RCMP divers scour the Vedder Canal two days after an Abbotsford blueberry found a dead body in his field a hundred metres away on May 11, 2016. (Paul Henderson/ Black Press File)

Then on May 13, an RCMP boat was in the Vedder Canal, moored to both sides by a rope, with a diver searching the waters just south of, and then underneath, the Keith Wilson Bridge.

It was unclear if the divers were searching for a weapon, another body or something else. And that was the end of information shared by police into the death, yet so many questions remained unanswered.

The incident also sparked some pushback from reporters as it was yet another example of a then-new RCMP policy of not sharing the identity of homicide victims.

Postmedia reporter Kim Bolan reported at the time that IHIT’s Staff Sgt. Jennifer Pound refused to release the name of a homicide victim, and said “based on direction from our national HQ, we can release the vic name when there is an investigative need to do so.”

But names come out in other ways, and five days after the body was found, members of the victim’s family, overcome with grief arrived at the site where his body was discovered. They asked a woman who lives on the property for the exact row of the blueberry field he was found in.

A memorial cross at the site where Orosman Jr. Garcia Arevalo’s body was found by a farmer in a blueberry field on No. 2 Road in Abbotsford on May 11, 2016. (Paul Henderson/ The Progress)

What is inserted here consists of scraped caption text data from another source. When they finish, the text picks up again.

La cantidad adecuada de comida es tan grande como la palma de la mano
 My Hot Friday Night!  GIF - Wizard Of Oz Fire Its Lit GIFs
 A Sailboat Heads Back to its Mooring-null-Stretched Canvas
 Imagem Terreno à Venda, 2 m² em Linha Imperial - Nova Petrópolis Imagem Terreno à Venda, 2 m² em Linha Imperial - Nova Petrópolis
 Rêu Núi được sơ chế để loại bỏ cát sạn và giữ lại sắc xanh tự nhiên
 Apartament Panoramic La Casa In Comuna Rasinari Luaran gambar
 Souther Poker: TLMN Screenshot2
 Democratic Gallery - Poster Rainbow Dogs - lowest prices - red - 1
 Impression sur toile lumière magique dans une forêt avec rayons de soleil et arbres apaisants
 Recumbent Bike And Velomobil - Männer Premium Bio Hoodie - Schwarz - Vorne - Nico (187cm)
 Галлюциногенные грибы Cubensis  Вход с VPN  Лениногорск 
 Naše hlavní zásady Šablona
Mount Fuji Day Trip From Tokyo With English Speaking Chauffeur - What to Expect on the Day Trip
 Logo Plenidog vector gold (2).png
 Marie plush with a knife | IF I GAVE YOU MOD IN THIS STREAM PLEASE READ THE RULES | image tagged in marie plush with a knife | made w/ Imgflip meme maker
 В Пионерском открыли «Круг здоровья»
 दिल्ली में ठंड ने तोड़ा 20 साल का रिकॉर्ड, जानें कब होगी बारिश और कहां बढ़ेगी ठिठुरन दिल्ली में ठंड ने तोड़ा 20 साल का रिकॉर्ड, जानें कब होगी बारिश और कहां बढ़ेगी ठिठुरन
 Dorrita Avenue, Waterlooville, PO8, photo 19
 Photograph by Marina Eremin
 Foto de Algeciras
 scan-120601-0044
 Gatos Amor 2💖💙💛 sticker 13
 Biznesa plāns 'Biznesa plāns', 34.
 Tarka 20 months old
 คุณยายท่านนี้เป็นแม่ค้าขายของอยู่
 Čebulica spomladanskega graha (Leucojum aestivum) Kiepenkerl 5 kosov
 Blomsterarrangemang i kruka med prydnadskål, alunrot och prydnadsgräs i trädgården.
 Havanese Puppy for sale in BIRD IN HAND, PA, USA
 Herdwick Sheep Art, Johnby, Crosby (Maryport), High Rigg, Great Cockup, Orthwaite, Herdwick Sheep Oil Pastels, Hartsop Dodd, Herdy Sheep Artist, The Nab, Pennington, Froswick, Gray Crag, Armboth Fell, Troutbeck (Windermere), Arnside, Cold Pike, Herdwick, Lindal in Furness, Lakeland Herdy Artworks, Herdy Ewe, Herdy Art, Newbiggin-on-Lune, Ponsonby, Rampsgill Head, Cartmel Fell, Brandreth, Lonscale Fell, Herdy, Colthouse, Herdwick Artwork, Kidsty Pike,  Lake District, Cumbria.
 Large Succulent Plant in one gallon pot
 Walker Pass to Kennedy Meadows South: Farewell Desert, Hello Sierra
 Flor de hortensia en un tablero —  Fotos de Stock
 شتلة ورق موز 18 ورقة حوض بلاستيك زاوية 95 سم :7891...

After asking for permission, they placed a cross with flowers, a teddy bear and jewelry on No. 2 Road. The inscription on the cross read: “Orosman Jr. Garcia Arevalo June 21, 1993 -May 10, 2016.”

The cross is still there to this day, faded and surrounded by long grass and weeds.

So who was Garcia?

Little was known at the time, but Bolan recently unearthed a tale of international intrigue and bad decisions by low-level gangsters.

Just seven days before Garcia’s body was found in that blueberry field in the Fraser Valley, Turkish drug trafficker Cetin Koc was gunned down while sitting in his car in a luxurious downtown Dubai neighbourhood.

Through an extensive investigation, Bolan reported on July 28 that the hit men were none other than Orosman Jr. Garcia Arevalo and Harpreet Singh Majhu, both Metro Vancouver residents and members or associates with the Brothers Keepers, a gang aligned with the the now defunct Red Scorpions.

Bolan did not get comment from local police about how the low level gangsters were recruited for an international hit. But her sources did suggest after they came back from Dubai, they didn’t lay low, instead played up their new status as international hit men.

Seven days after the Koc killing, Garcia was killed, and one month after that, Bolan said Majhu’s body was found in a burnt-out vehicle in Agassiz.

That was June 10, 2016, but it was never revealed there was a body in that car fire in Agassiz at the time or since.